So far, I have redone two pages: the front and one gallery page. And in response to the whining (not unjustified, I might say) of two people last week, I have put up the dreaded PRICES -- along with a link to Paypal (even though it doesn't say so).
Redoing is long overdue. I am taking a lot of pieces off so I can rotate them, and I am reorganizing my work by some other random method than the previous one. I have only one gallery page up, but that's enough for today. If you want to take a look, go here. And let me know what you think. Does it work? Do the links work? thanks.
Tuesday, August 12, 2008
random Tuesday thoughts
I feel as thought I accomplished a lot today, but if you asked me to be specific, it would be difficult. Spent a lot of time avoiding making important phone calls by pretending to work on some pieces that need to be finished.
Did you ever have something on the design wall that you thought was exactly right and then when you were putting it together, changed your mind? That was my day. I've been doing more fusing lately and I still think it is the most time-consuming part of the process. It does come in handy for getting around certain construction problems but I don't like doing it.

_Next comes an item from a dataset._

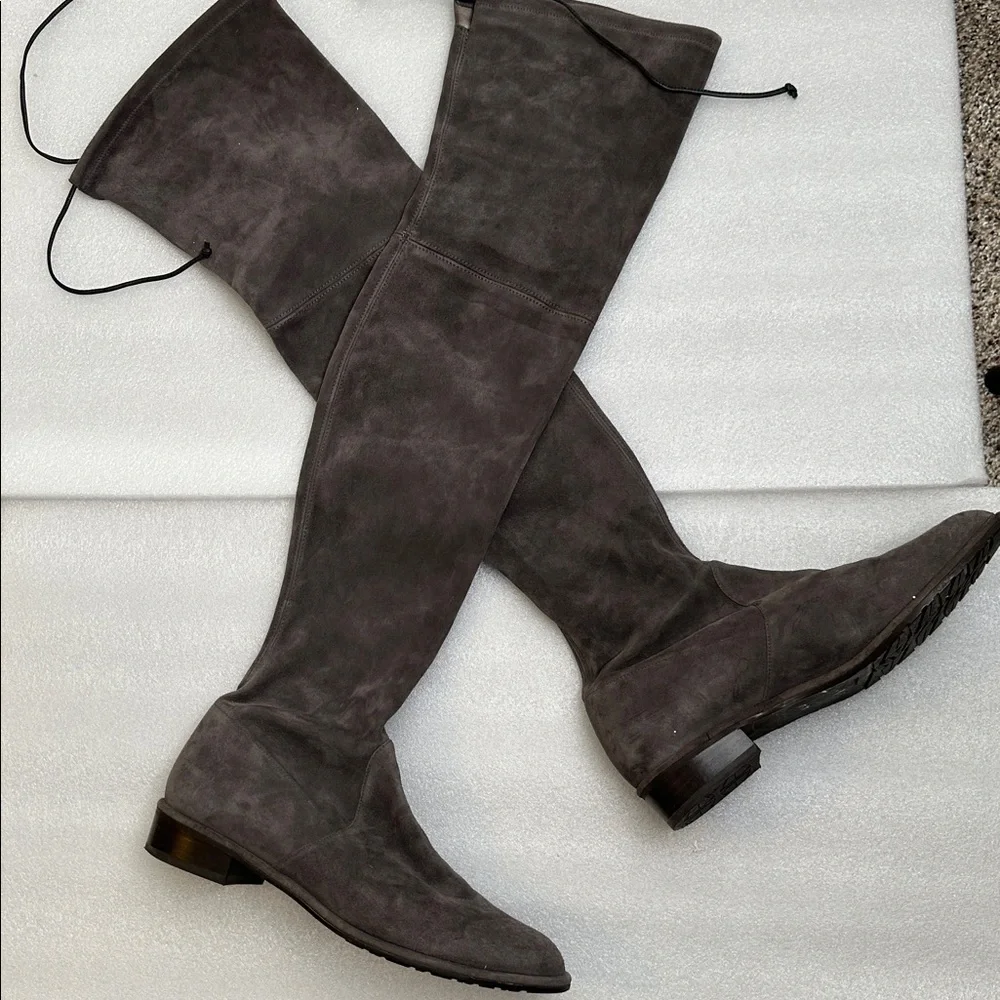 Stuart Weitzman Charcoals Garish brown lowlands Suede Over-the-Knee Boots SZ  10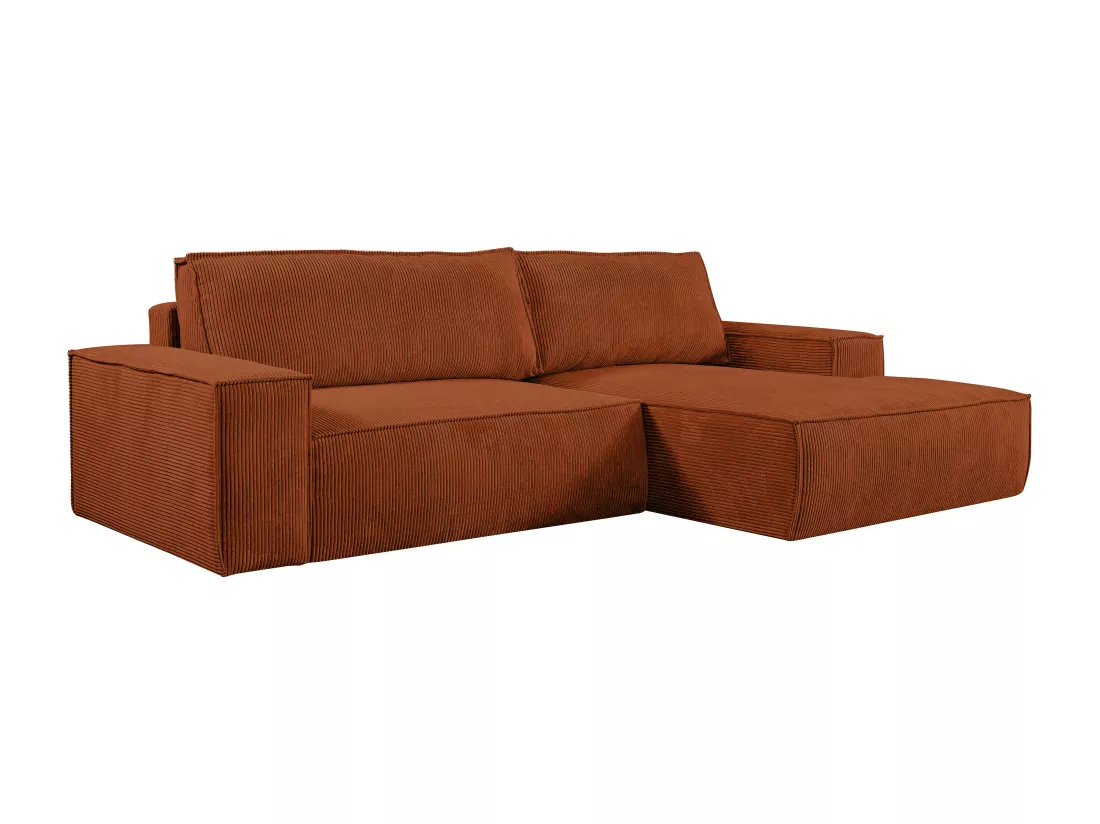 Canapé d'angle droit convertible en velours côtelé terracotta AMELIA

Tonight I worked on my poor, neglected website. Didn't get beyond tweaking the front page, but I will get to the rest bit by bit. In the last few days, two people asked why there were not prices on my website so that is my next project. This topic comes up periodically on the LISTS.
A comment on comments: I find it interesting that the post that got the most comments in the past week was the one in which I asked for suggestions on how to stitch the piece I was trying to finish. There were 17 (count 'em - SEVENTEEN) responses to that post.
On the other hand, when I referred to Diane Perrin Hock's thoughtful post about whether art cloth that is quilted is ART and how so many people are reluctant to cut up their hand-prints, and where composition falls in all of this, etc. etc. - and tried to get a discussion going that was stimulating, where people didn't agree, and that made us think a bit -- there were 8 comments on the first post and 4 on the next one. What do you think accounts for that difference?
gelatin and rubber stamps
My gelatin plate from last week's class has finally gone to the great refrigerator in the sky. But over the weekend (is it only Tuesday?) my granddaughter Kayla, who is 9, printed a t-shirt with the last broken bits and was thrilled with the result. Here she is, putting the finishing touches on the shirt -- very efficiently using a small blob of gelatin as a stamp. Gee, why didn't I think of that?
Speaking of gelatin and stamping - two things happened this morning that were pure synchronicity. Enough to make me really wonder about the universe...
First, there was an e-mail from the lovely and talented Sherrill Kahn, whose classes on creative stamping many of you may have taken. She wanted to show me some of the fabrics she had gelatin-printed for the first time --and sure enough, they are as gorgeous and luminous as her other work. With her permission, I'm posting a couple of them because although she used the techniques in my book, her fabrics are undeniably hers. I forgot to ask her what kind of paint she used - the colors look good enough to eat.I love the geometry of the stamps she used and they look very cool used with gelatin plates. Of course, I am sorely tempted to buy some - but do I need ONE MORE thing to print with? (don't answer that). Then, I saw that Kate Pullen, who runs About.com's Rubber Stamping forum, posted a review of my book for the rubber stamping audience. Who knew?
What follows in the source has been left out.